Reproduce only this range: the line holding "Kodak Ultima Picture" through the last line of the data below, both included, exactly, with no pictures.

_Data excerpt:_
Start of Block

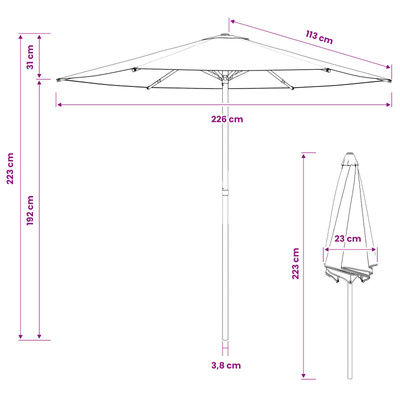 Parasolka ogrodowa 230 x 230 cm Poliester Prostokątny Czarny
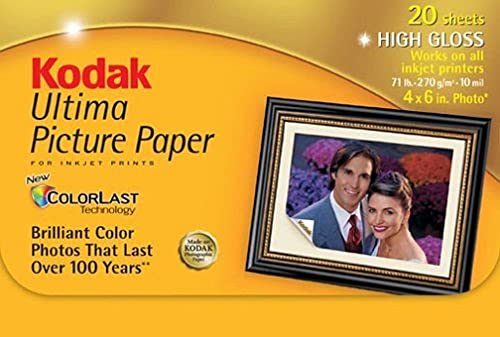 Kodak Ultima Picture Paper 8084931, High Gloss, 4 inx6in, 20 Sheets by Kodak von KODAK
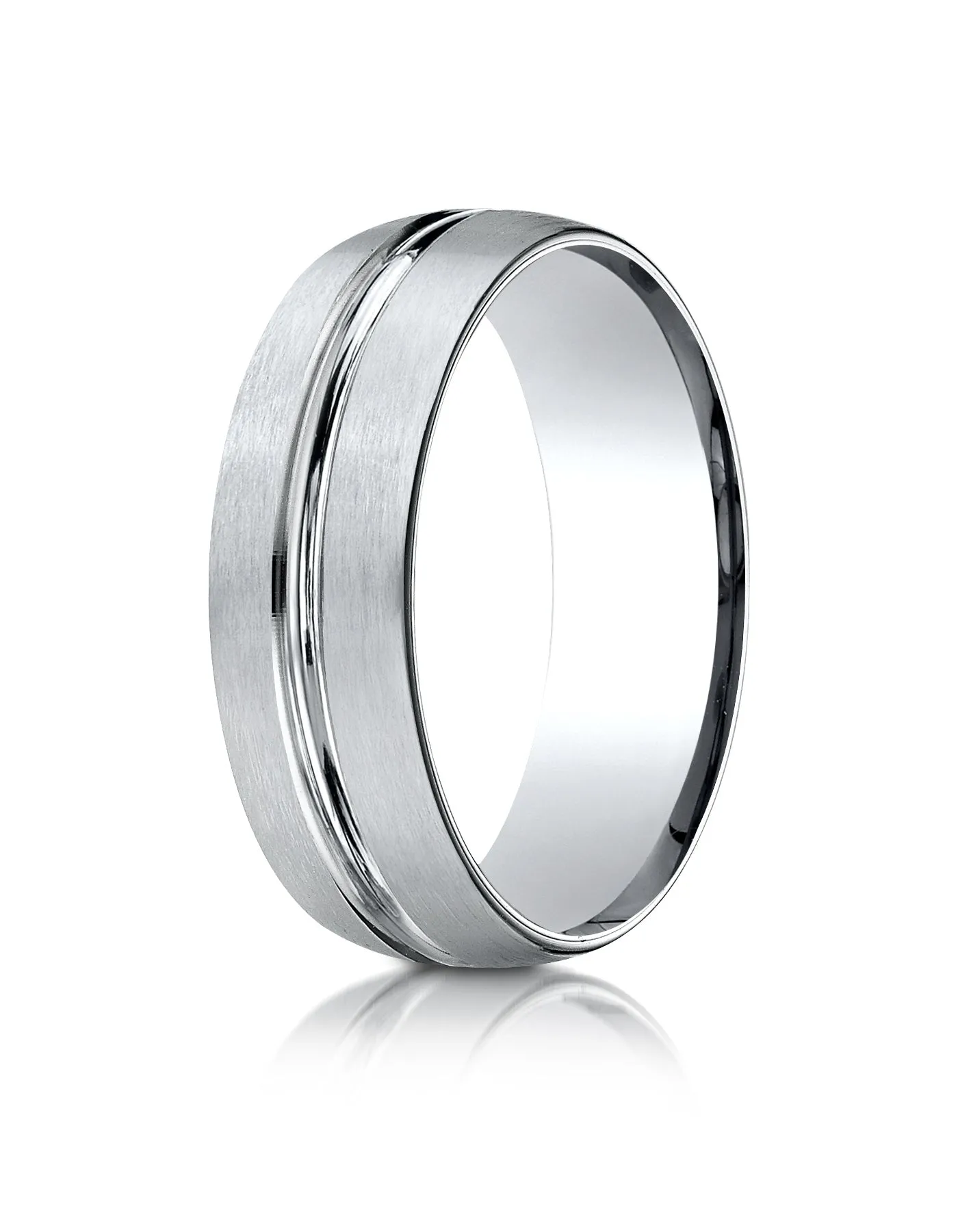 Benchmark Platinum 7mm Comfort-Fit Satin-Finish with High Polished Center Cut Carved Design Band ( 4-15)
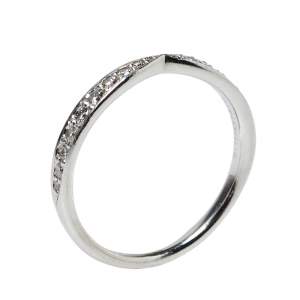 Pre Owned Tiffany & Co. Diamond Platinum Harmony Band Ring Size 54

End of Block

_Output for this task:_
 Kodak Ultima Picture Paper 8084931, High Gloss, 4 inx6in, 20 Sheets by Kodak von KODAK
 Benchmark Platinum 7mm Comfort-Fit Satin-Finish with High Polished Center Cut Carved Design Band ( 4-15)
 Pre Owned Tiffany & Co. Diamond Platinum Harmony Band Ring Size 54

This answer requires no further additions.